In this post I thought I would talk about my experience of getting a social security card as a US immigrant and non US citizen, once I had arrived in the USA on my K1 Fiance Visa. After all my troubles with trying to open a non US citizen bank account, I will not pretend that I was not a little nervous about trying to jump another bureaucratic hurdle. But a US Social Security Card is essential in America for many things: the social security card itself can be used as proof of ID, plus you need the Social Security Number (SSN) that comes with it too.
The closest thing to a US Social Security Number in the UK, where I am from, is the National Insurance number. However, we only generally use that for work, tax, and claiming benefits in Britain. As I mentioned, you need a US Social Security Card and Social Security Number (SSN) for all sorts of things in America. In the UK, you often have to use your passport as I.D. and occasionally your driving license as I.D. In the USA, your Social Security Card and Driving License are requested constantly for I.D. purposes and there is no assumption that you have a passport (many Americans don’t have passports).
How do I get a social security card?
You need to find out where your local social security office is. If you are unsure, look it up on the internet. I went down to my local social security office with my wife shortly after getting married in Florida. There was no appointment system, we were told just to turn up and join the queue. I took along some I.D.: my passport with the I-94 in it and my marriage license. I also took along a social security form applying for a US social security card and SSN that I had filled out in advance. The Social Security Office had a lot of similarities with its British equivalent - if you have ever had to make a claim for unemployment or another welfare benefit, you probably won’t be phased by the experience, a waiting room full of bored and demoralized people kept waiting for a long period of time. The only major difference from Britain was that we were checked over for guns by the security guard on the way in.

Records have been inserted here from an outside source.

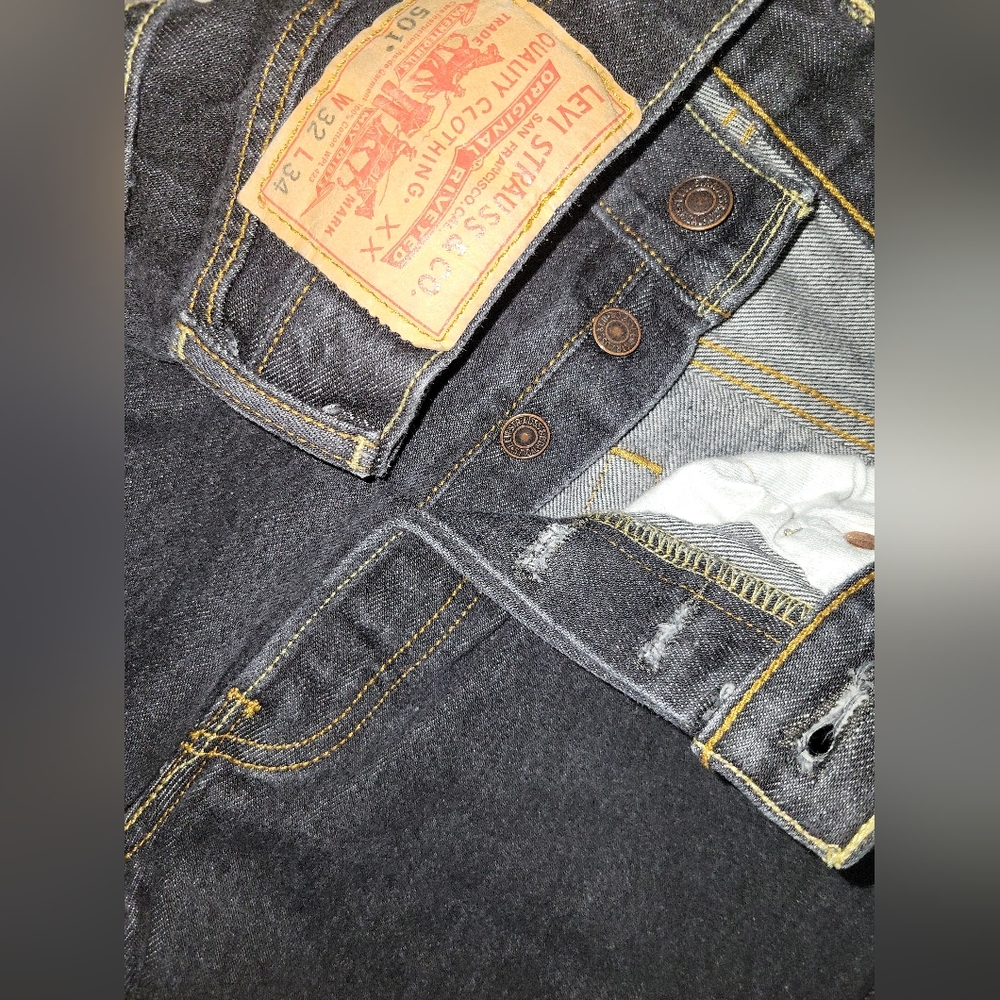 501 button fly Levi's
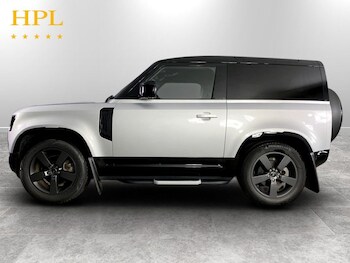 Used Land Rover Defender 2022 for sale - 77608808: Photo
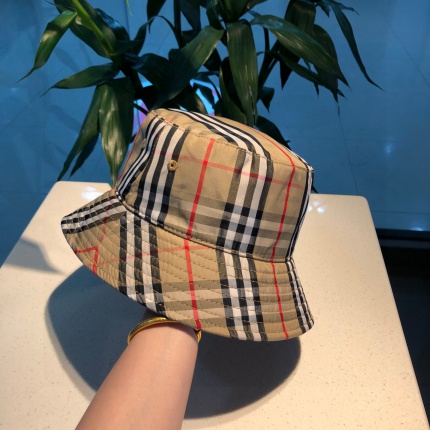 Burberry AAA Hats in 153636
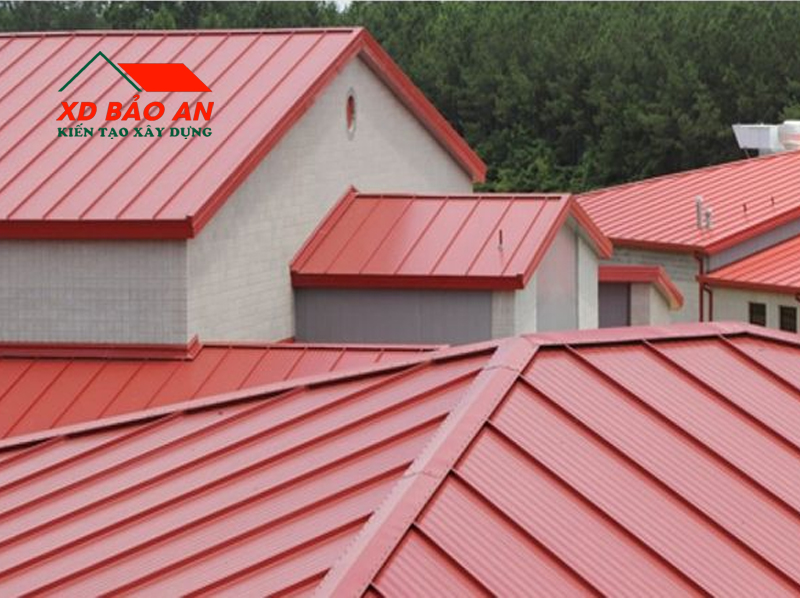 Nhà mái tôn – Làm sao để không bị “nướng” mỗi trưa hè? 2 Tại sao nhà mái tôn dễ bị nóng “nướng” vào trưa hè?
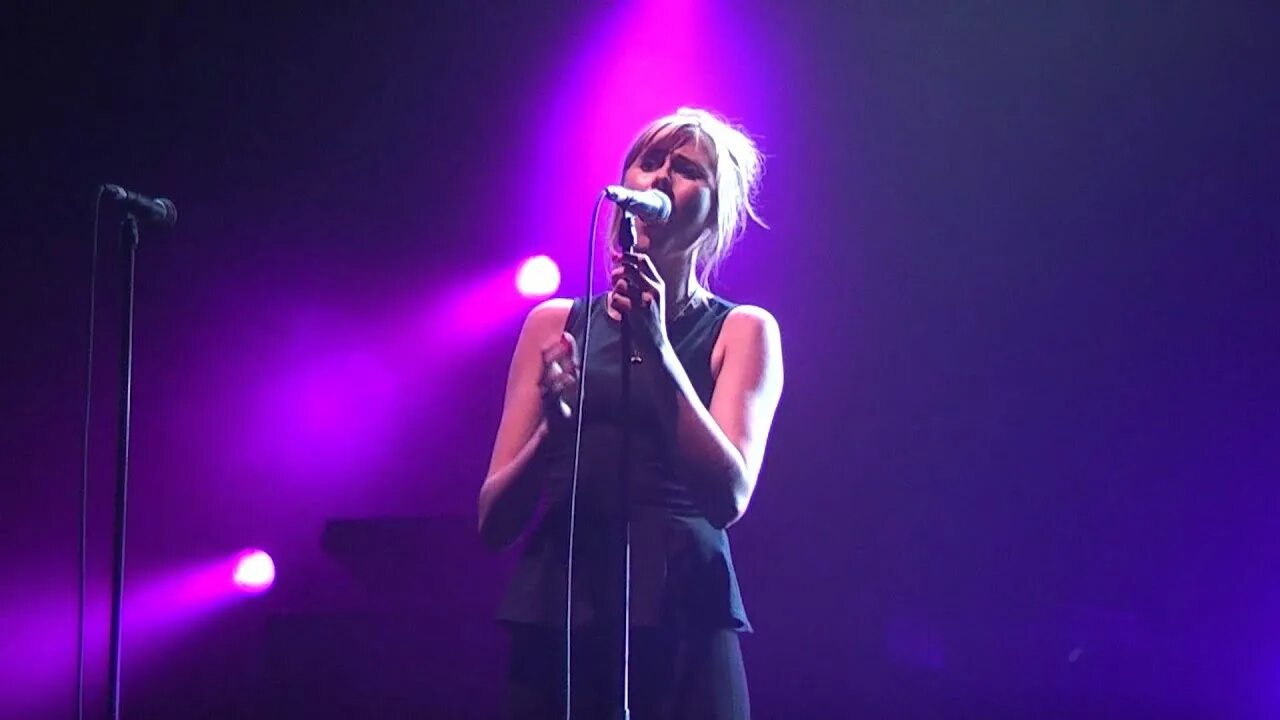 The great gig in the sky pink floyd. Клэр торри и пинк флойд. The great gig. Clare torry. The great gig in the sky кто поет девушка.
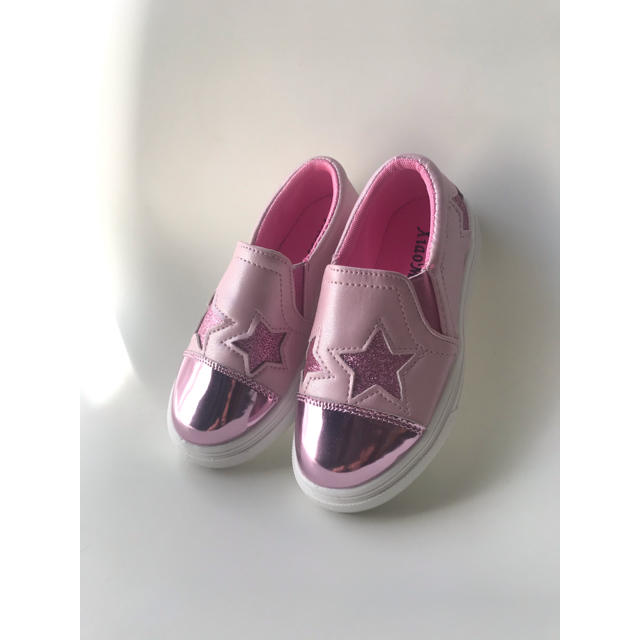 CONVERSE(コンバース)のメタリックスタースリッポン　ピンク　17.5cm キッズ/ベビー/マタニティのキッズ靴/シューズ(15cm~)(スリッポン)の商品写真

Eventually we were seen by one of the ladies at a hatch. She dealt with my case efficiently and I was told that I would receive my card in about 2 weeks, which turned out to be an accurate. My social security card was a standard one, apart from it stating on the front that it was "Valid for Work with DHS Authorization Only". This was because I didn’t have a US green card or EAD. Once you get your work authorization documents, you can go back to the social security office and they will swap your social security card for one without the legend on it (you need a US green card or EAD). The SSN stays the same. Unlike most of the K1 Fiance visa stuff, the social security process was completely free at every stage.